◆ **Instructions to follow**:
Below are the records; locate each line with the word "Real" and copy it.
--- Record excerpts Enclosed Below ---
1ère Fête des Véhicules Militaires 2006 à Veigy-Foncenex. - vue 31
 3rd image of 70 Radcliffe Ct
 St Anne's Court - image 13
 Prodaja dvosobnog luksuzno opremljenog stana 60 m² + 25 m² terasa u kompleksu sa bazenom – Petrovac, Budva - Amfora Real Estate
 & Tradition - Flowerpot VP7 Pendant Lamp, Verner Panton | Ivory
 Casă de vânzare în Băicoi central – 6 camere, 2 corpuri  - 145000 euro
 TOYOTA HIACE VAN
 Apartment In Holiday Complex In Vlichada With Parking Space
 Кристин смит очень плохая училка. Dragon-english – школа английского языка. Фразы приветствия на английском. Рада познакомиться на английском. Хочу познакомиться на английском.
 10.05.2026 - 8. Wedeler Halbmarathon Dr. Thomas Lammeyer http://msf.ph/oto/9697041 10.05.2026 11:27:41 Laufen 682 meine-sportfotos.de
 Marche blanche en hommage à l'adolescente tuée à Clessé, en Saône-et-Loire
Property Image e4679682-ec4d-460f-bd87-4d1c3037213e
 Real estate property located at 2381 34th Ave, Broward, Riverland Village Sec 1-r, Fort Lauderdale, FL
--- End of Enclosed Record excerpts ---
◆ **Result of this exercise**:
 Prodaja dvosobnog luksuzno opremljenog stana 60 m² + 25 m² terasa u kompleksu sa bazenom – Petrovac, Budva - Amfora Real Estate
 Real estate property located at 2381 34th Ave, Broward, Riverland Village Sec 1-r, Fort Lauderdale, FL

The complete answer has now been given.